The timing of the auction for 28A was expressly discussed at the JSC and it was agreed that auction would take place after the sale of the other properties and when Ms Sweeney had a clear understanding of her overall financial position and whether she could realistically bid to purchase 28A.

(emphasis added)

(b)Memorandum of counsel for Ms Sweeney dated 22 February 2022:

There is only one remaining property to be sold. That is the property jointly owned by the first plaintiff and the defendant, which has been the defendant’s home of 20 years. She had agreed to sale of the property on the basis she would bid at the auction. As pleaded in her amended statement of defence, filed in June 2021, she consistently required the expert report to be finalised so that she can identify the funds she will have available to acquire the first plaintiff ’s share in the property.

(emphasis added)

[63]              Counsel for Ms Sweeney says that Ms Sweeney has consistently maintained that she wishes to buy Mr Brown’s share in 28A Sefton. I accept that this is true but this does not mean that Ms Sweeney did not agree to buy Mr Brown’s share by bidding at auction.

[64]              Counsel for Ms Sweeney also argues that there is no final settlement agreement to sell 28A Sefton by auction. While there is no settlement agreement, there is correspondence, memoranda and Court minutes which record what was agreed. It is not necessary that an agreement be captured in a settlement agreement to be binding. If Ms Stevenson did not agree to a sale by auction and instead wanted the option to purchase directly from Mr Brown, this issue should have been identified so that it could have been resolved at the trial scheduled for August 2021. The fact that it was not, supports the conclusion that Ms Sweeney had agreed to the auction. The actions

of the parties show that they both proceeded on this basis and it was not until 2022 that Ms Sweeney proposed the alternative of Mr Brown being required to sell his share to Ms Sweeney.

[65]              In  terms of the conditions of the auction, during the  hearing, counsel for   Mr Brown indicated that Mr Brown was now happy for there to be no reserve at the auction. This is in Ms Sweeney’s interests given she has limited money available to bid.

[66]              For the reasons above, I am satisfied the parties agreed to sell 28A Sefton by auction and that Barfoot & Thompson would undertake the sale. Ms Sweeney does not have an arguable defence to that claim. I will also order that there is no reserve price, as offered by Mr Brown, as this is in Ms Sweeney’s interests given she wishes to purchase the property.

[67]I now turn to the other factors I must consider under s 342 of the Act.

Relevant factors – s 342

Section 342(a): The extent of the share in the property of any co-owner

[68]              Mr Brown and Ms Sweeney each hold an equal interest (50:50) as tenants in common.
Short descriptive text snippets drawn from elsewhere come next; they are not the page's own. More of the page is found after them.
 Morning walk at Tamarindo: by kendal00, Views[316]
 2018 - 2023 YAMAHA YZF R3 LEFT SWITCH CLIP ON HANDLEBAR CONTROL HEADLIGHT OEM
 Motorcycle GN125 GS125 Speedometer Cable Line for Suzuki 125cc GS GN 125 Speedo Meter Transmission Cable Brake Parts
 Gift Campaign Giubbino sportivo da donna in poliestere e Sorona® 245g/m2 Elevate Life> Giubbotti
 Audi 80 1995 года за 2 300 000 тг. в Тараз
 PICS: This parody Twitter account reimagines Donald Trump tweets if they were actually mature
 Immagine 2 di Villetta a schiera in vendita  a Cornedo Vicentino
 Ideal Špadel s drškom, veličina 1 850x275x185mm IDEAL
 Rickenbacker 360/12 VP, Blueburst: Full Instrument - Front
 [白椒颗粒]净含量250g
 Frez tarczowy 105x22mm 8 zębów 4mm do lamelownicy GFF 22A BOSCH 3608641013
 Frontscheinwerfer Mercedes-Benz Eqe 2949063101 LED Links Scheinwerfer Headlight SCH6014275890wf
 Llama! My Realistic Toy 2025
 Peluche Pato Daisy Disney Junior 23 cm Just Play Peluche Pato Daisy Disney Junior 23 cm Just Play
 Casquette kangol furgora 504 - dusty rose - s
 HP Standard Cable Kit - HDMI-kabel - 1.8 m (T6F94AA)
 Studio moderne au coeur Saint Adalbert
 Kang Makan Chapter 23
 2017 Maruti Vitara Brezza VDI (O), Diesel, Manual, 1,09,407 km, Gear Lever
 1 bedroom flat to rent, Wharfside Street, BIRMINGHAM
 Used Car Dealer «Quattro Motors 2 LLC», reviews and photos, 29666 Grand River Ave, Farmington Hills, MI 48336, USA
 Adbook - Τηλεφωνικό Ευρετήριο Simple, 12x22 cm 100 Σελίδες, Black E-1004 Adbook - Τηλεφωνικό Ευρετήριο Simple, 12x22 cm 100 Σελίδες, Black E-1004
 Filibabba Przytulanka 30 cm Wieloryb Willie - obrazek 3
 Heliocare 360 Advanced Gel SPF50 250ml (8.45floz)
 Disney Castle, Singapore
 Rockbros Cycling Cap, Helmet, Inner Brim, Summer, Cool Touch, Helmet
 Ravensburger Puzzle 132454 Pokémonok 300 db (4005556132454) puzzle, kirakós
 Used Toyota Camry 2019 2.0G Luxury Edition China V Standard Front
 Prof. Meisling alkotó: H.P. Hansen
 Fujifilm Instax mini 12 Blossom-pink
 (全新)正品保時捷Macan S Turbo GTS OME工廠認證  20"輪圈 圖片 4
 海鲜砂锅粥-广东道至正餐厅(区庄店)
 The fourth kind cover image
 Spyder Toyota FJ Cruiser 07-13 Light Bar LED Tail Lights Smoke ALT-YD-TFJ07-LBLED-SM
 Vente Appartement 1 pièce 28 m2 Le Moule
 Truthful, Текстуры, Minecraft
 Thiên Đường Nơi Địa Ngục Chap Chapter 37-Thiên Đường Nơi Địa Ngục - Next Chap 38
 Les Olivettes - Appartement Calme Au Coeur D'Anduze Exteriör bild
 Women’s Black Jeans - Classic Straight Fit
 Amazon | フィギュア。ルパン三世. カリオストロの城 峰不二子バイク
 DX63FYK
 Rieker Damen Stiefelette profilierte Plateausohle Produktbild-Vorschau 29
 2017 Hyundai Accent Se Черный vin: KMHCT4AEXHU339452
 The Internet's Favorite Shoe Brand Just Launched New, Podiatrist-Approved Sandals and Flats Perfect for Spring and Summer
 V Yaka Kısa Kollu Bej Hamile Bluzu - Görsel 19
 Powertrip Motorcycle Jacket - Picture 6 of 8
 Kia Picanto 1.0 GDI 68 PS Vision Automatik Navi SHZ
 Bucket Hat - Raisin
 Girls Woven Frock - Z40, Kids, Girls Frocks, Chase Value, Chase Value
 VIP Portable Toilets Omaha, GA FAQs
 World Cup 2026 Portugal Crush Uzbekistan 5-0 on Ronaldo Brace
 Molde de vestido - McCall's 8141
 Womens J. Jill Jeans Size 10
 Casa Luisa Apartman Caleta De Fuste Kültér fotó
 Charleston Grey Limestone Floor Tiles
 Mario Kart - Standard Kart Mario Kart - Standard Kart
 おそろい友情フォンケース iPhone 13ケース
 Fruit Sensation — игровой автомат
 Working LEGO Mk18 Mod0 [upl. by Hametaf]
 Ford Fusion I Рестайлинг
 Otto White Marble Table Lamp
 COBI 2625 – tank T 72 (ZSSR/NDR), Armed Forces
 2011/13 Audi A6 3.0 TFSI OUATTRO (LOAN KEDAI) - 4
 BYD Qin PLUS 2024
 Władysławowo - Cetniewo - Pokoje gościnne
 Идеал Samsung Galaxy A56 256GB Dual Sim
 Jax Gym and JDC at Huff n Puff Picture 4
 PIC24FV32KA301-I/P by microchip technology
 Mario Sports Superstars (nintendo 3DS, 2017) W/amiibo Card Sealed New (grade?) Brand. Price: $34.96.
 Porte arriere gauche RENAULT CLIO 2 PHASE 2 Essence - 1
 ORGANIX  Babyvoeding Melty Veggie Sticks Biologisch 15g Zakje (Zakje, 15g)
This factor is relevant to the issue of whether Mr Brown should be able to bid. Given the parties are equal owners, they should have equal opportunity to purchase 28A Sefton. While  it  is  acknowledged  this  is  Ms  Sweeney’s  home,  Mr Brown also has a financial interest in the property and third parties are able to bid. Mr Brown should be given the same opportunity as third parties.

Section 342(b): The nature and location of the property

[69]              The property is in Grey Lynn, Auckland. It is Ms Sweeney’s home and she has lived there for 20 years.  I  consider  this factor below  in  relation  to  hardship to  Ms Sweeney. Given Ms Sweeney has agreed to a sale by auction and Mr Brown is entitled to receive fair value for his share, the fact that it is Ms Sweeney’s home does

not justify resiling from the agreement or requiring Mr Brown to buy Ms Sweeney’s share based on a valuation advanced by Ms Sweeney.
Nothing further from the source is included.